I got Penny to eventually remain calm with her nose touching the fence (not quickly, it took lots of patience) and even when dogs ran up curiously to see why a dog was on the other side of the fence. This created a solid foundation for agility. She watches dogs running their course but glances to me for a treat instead of barking at the dogs like she used to.


----------



## lloyddobler (Nov 30, 2014)

Eclipse said:


> What worked for me with my dog's fear reactivity was the Look at That Game. Basic idea: keep at a distance where the dog is under threshold in training sessions.
> 
> So, I would take Penny to an active dog park - five acre lake that usually has 10-20 barking, running, swimming dogs. I filled a small jar with the highest possible value treat - peanut butter.
> 
> ...


Thank you! That's wonderful you found something that helped you so much!!! I actually had a trainer suggest something similar to me in the past, but am concerned that people will let their dogs run free in the parking lot and put us in a position where a dog approaches us and we have nowhere to go. Did you have any issues with that at all? How often did you take her there? Every day? Once a week? I'm now thinking about all the dog parks in my area to figure out the best one for this type of activity where there would be less risk of owners letting their dogs run loose in parking lots, etc.


----------



## Eclipse (Apr 21, 2014)

lloyddobler said:


> Thank you! That's wonderful you found something that helped you so much!!! I actually had a trainer suggest something similar to me in the past, but am concerned that people will let their dogs run free in the parking lot and put us in a position where a dog approaches us and we have nowhere to go. Did you have any issues with that at all? How often did you take her there? Every day? Once a week? I'm now thinking about all the dog parks in my area to figure out the best one for this type of activity where there would be less risk of owners letting their dogs run loose in parking lots, etc.

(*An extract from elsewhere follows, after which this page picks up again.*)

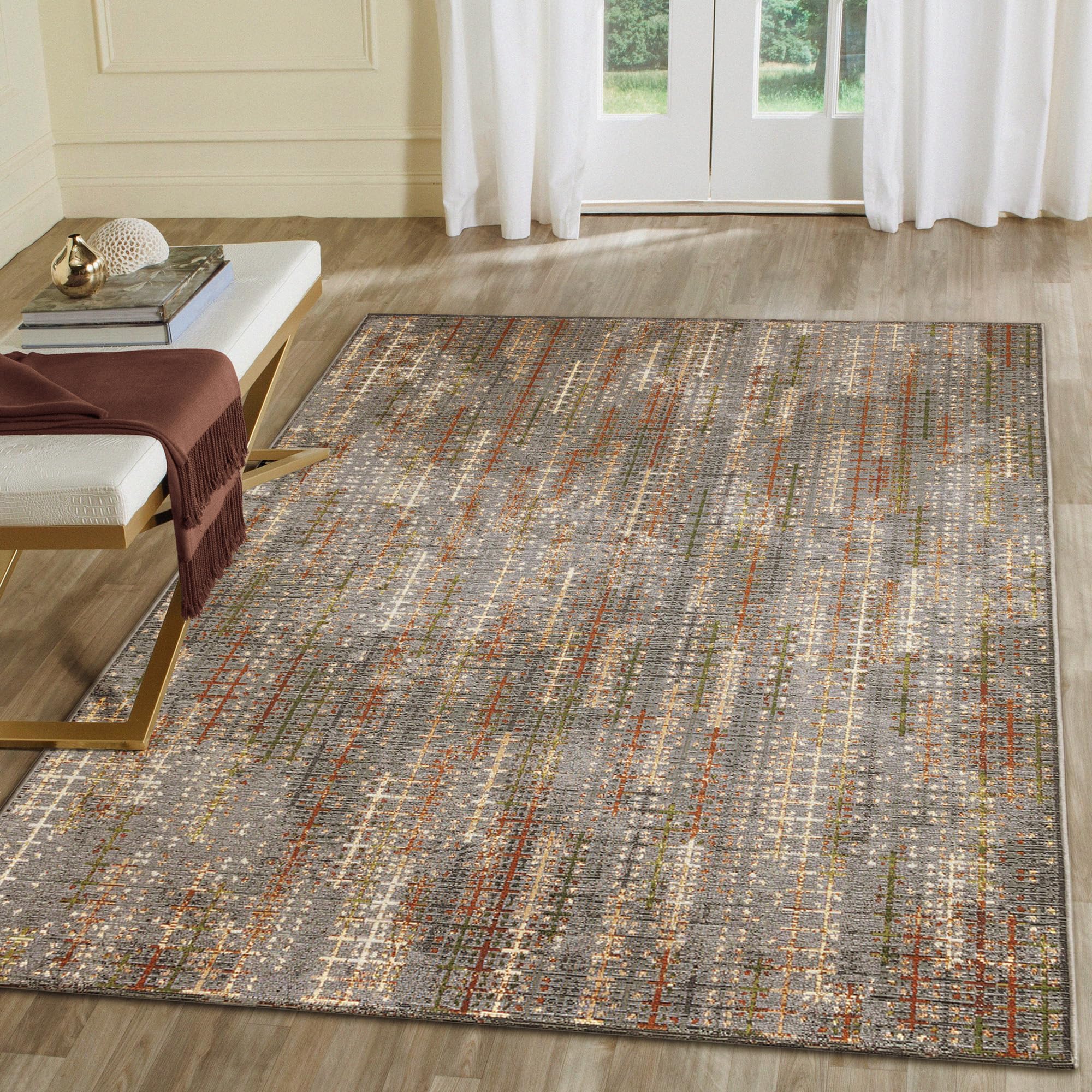 Liora Manne Marina Indoor/Outdoor Power Loomed Synthetic Blend Durable Area Rug - Contemporary Texture Global Colorful (Sienna Black) (6'6" x 9'4")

What leash laws exist in your area? For my state, it's illegal for dogs to be off leash in any public place outside of dog parks. It's easier for me to handle a loose dog knowing it's not supposed to be off its leash. Loose dogs make me scared because most of them completely blow off their owner's commands + I treat them like they will attack my dog. I carry citronella spray and sometimes a hiking stick for walks, it makes me feel safe. I have sprayed multiple dogs that charged at me. I yell at the dogs if needed.

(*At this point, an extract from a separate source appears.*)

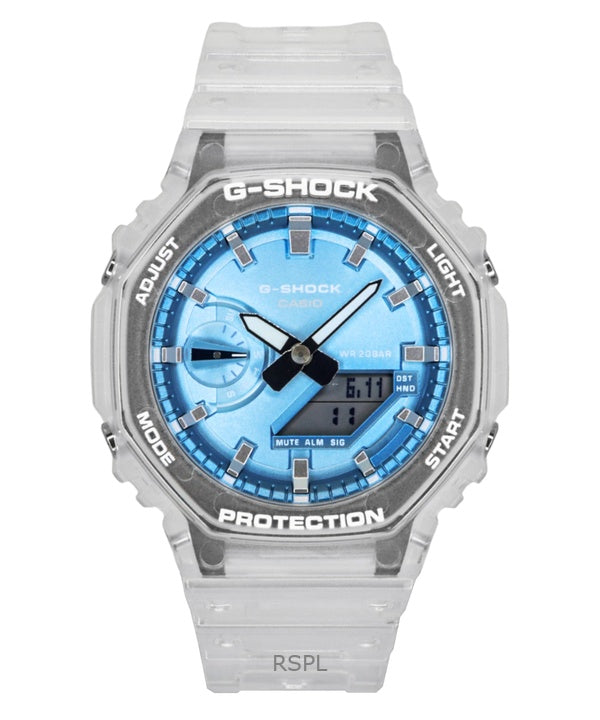 Casio G-Shock Analog-Digital-Harzarmband Blaues Zifferblatt Quarz GA-2100BM-7A2 200M Unisex-Uhr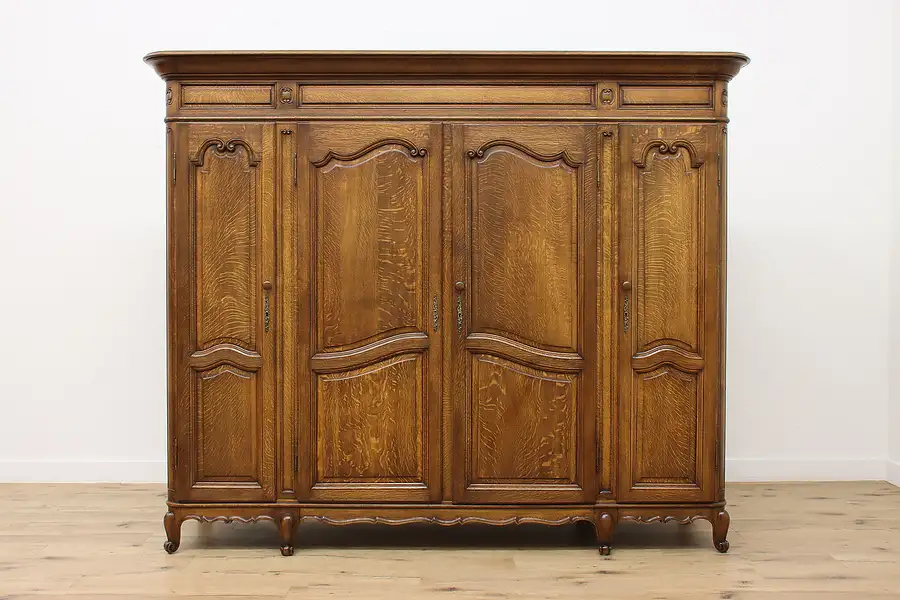 Main image of Country French Antique Oak 4 Door Armoire Wardrobe Closet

Some people did not have a leash on their dog when they took them into the park. I kept a diligent eye on dogs and put Penny in the car until the loose dog was in the park or back in their car even if they were far away.

I took Penny there almost every day for I think two - three months. Sometimes I took a day or two off. The park closes in the winter so dogs don't go through the ice. After that I just worked with her once a week at agility lessons where Penny would still have moments going over threshold but I could retreat to an empty room where she was able to think again.


----------



## lloyddobler (Nov 30, 2014)

Eclipse said:


> What leash laws exist in your area? For my state, it's illegal for dogs to be off leash in any public place outside of dog parks. It's easier for me to handle a loose dog knowing it's not supposed to be off its leash. Loose dogs make me scared because most of them completely blow off their owner's commands + I treat them like they will attack my dog. I carry citronella spray and sometimes a hiking stick for walks, it makes me feel safe. I have sprayed multiple dogs that charged at me. I yell at the dogs if needed.
> 
> Some people did not have a leash on their dog when they took them into the park. I kept a diligent eye on dogs and put Penny in the car until the loose dog was in the park or back in their car even if they were far away.
> 
> I took Penny there almost every day for I think two - three months. Sometimes I took a day or two off. The park closes in the winter so dogs don't go through the ice. After that I just worked with her once a week at agility lessons where Penny would still have moments going over threshold but I could retreat to an empty room where she was able to think again.


There are leash laws here, but many ignore them as they aren't highly enforced. I live in Seattle, WA which is a town that has more dogs than children. There are dogs everywhere, which makes this issue even a bigger one! The dog parks are always so busy and chaotic here. I am going to try to find one that is a bit more rural and may be less busy and give it a try. I like the idea of having a stick or something for an emergency.

Thank you!


----------